Why wouldn’t technical authors go the blog route, and cut out the publishing middleman?  This would eliminate much of the overhead of publishing, as well as free the author from official deadlines.  Revenue can be generated by monetizing the blog, as well as follow-on contract work.  If the content is well-written and relevant, the professional prestige gained from the effort should be comparable to being a published author.  Technical book readers are by definition technical, so reading a blog should be well within their comfort zone.


What would the author be missing?  A few items are:

Deadlines - Is that good or bad?  Depends on the author, I suppose

Copy Editor – Go with a freelance editor?

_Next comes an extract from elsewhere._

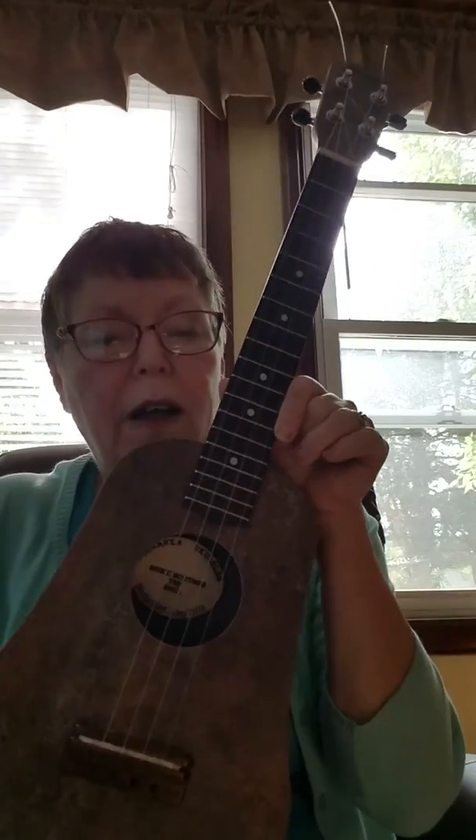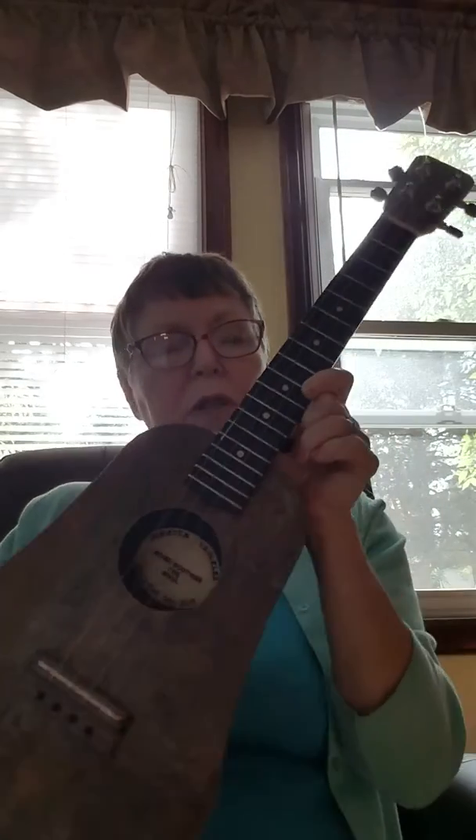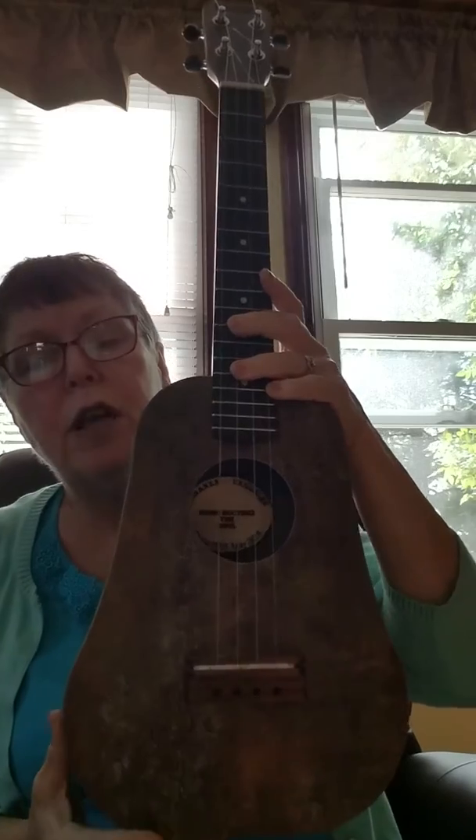Good morning. I have here number 245. It hasn't whispered its name yet, but this is our fired steel pattern, and this is our pear shape.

Book Signings – Not sure a substitute is available for the blogger

Seeing Name in Print – Ditto.. no obvious substitute available

Copyright Protection – There must be a good solution to this, right?

Publisher Credibility – Cisco-related books from Cisco Press probably significantly outsell books from Pearson Publishing, even though they’re the same publishing house.  The lack of a well-known imprint could make it difficult to build an audience.


What are the advantages?

Full control over content

Easier publishing process (arguable, I suppose)

Infinite ability to revise content after publishing

Better interaction with readers

Better for the environment, if that is meaningful


I would think it would be relatively easy to monetize the content through eBooks, like the Kindle.  Some technical blogs are already syndicated on that platform, such as Jeremy Stretch’s Packet Life blog.  Thirty cents per month per user probably isn’t terribly lucrative, but for hassle-free revenue, why not?

Monetization Strategy

Google Adwords

eBook syndication

Professional consulting

Partnership with training vendor (depending on blog content)



I’d love to get some feedback, especially from authors (books and blogs).  Have you considered something like this, or are you already do it?  What are the challenges you’ve faced?